# Work request:
Aside from the pictures, the entries should be given again exactly.

Start of Data section

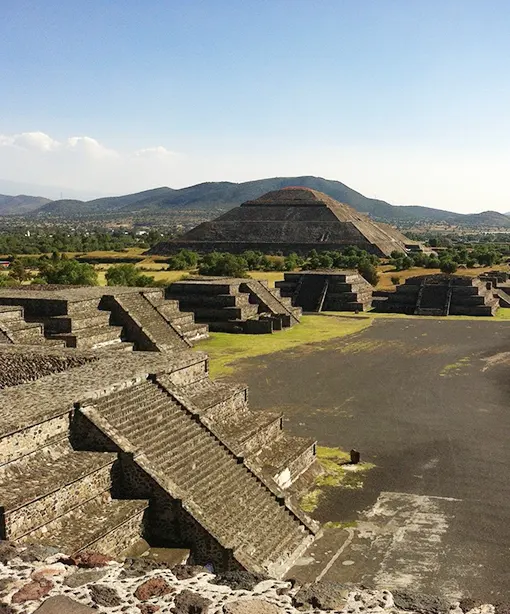 Vestiges monumentaux des civilisations précolombiennes
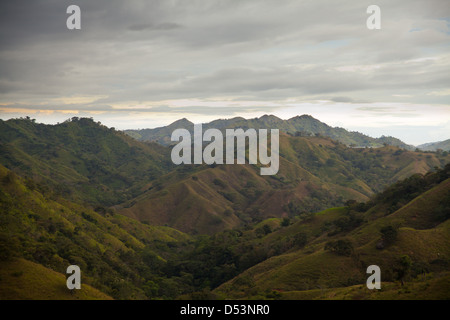 Beaux paysages vallonnés entre Tonosi et Las Tablas, Los Santos province, République du Panama Banque D'Images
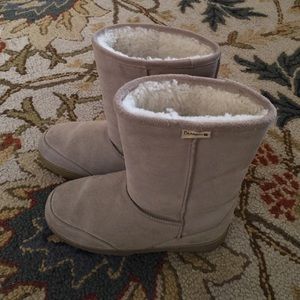 Tan Bearpaw winter boots 8w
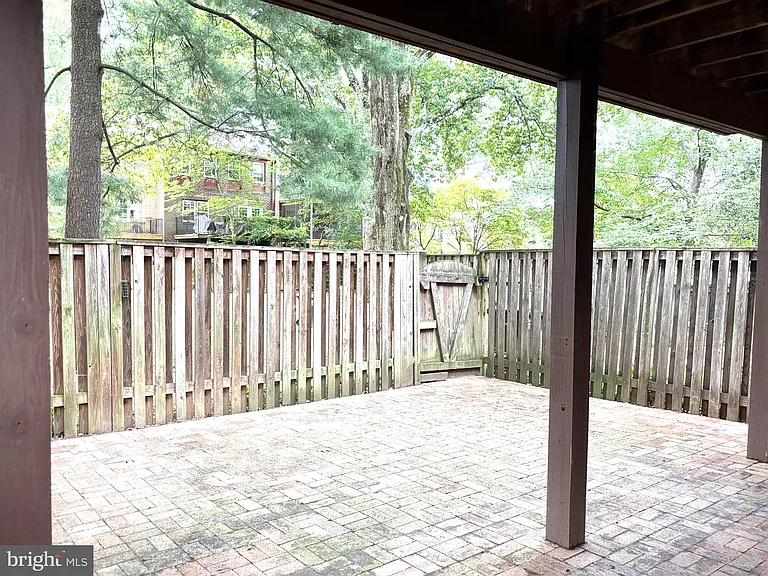 11741 N Shore Dr — Photo 12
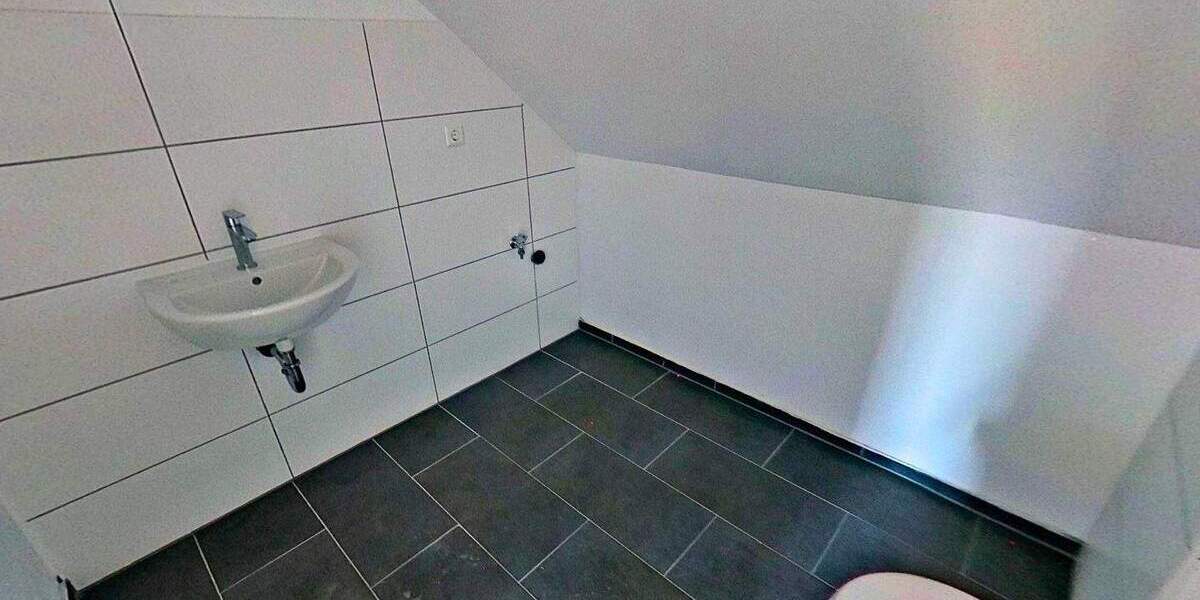 Zimmer Grafenhausen - 3 Zimmer, 81 m&sup2;, 858&euro; | Angebot:25674951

End of Data section

# Response below:
 Vestiges monumentaux des civilisations précolombiennes
 Beaux paysages vallonnés entre Tonosi et Las Tablas, Los Santos province, République du Panama Banque D'Images
 Tan Bearpaw winter boots 8w
 11741 N Shore Dr — Photo 12
 Zimmer Grafenhausen - 3 Zimmer, 81 m&sup2;, 858&euro; | Angebot:25674951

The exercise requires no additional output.